In presenting findings from new surveys conducted among American Mormons, Campbell said that they show a “moderate and pragmatic” tendency in Mormonism that separates it from much of the religious right. Campbell presented findings from the newly completed “Peculiar People Survey,” which polled 500 Mormons in the U.S. on a wide range of social and religious issues. He finds that Mormons are distinctive in their approach to immigration and other controversial moral issues; while they are more Republican than other religious groups, they show more pro-immigrant attitudes than any other believers aside from Jews. The Mormons were more likely than Catholics and evangelicals to allow for exceptions in the cases of dangers to the health of the mother and rape.

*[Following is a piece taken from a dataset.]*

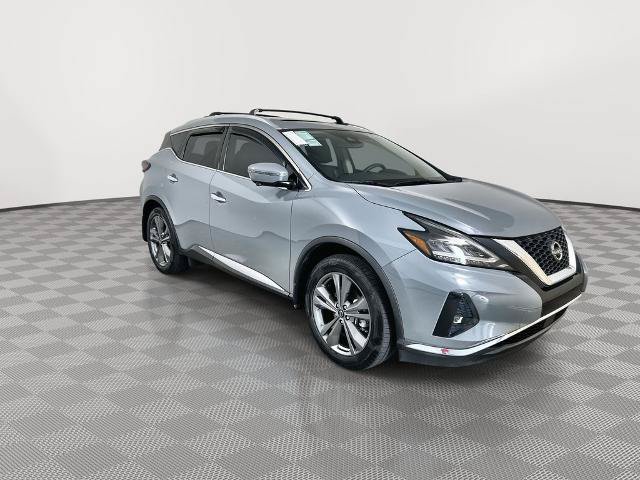 Certified 2023 Nissan Murano Platinum w/ Cargo Package FWD image 1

Campbell said that one of the more unexpected findings is that there is significantly less politics preached from Mormon pulpits than in other religious groups. The survey found that Mormons do discuss politics, but such discussions take place outside of their churches. Mormons can also be mobilized relatively rapidly, especially when leaders endorse a social cause and when all the general authorities of the church present a united front on an issue. This was the case with the strong Mormon activism generated against Proposition 8, a measure seeking to overturn the ban on gay marriages in California in 2008.
Joanna Brooks of San Diego State University noted that Mormons only represent two percent of the population in California but they provided 50 to 70 percent of the funding to fight for the anti-Proposition 8 cause. She said that Mormons saw the measure as an “assault on Mormon temple marriages,” and fought back through direct church involvement, including letters from church officials being read from pulpits and engaging in activism through “horizontal kinship networks” and connections to LDS ecclesial structures. But Brooks said it was unlikely that the church would be willing or able to mobilize its members against similar measures in various states of the country, such as Minnesota.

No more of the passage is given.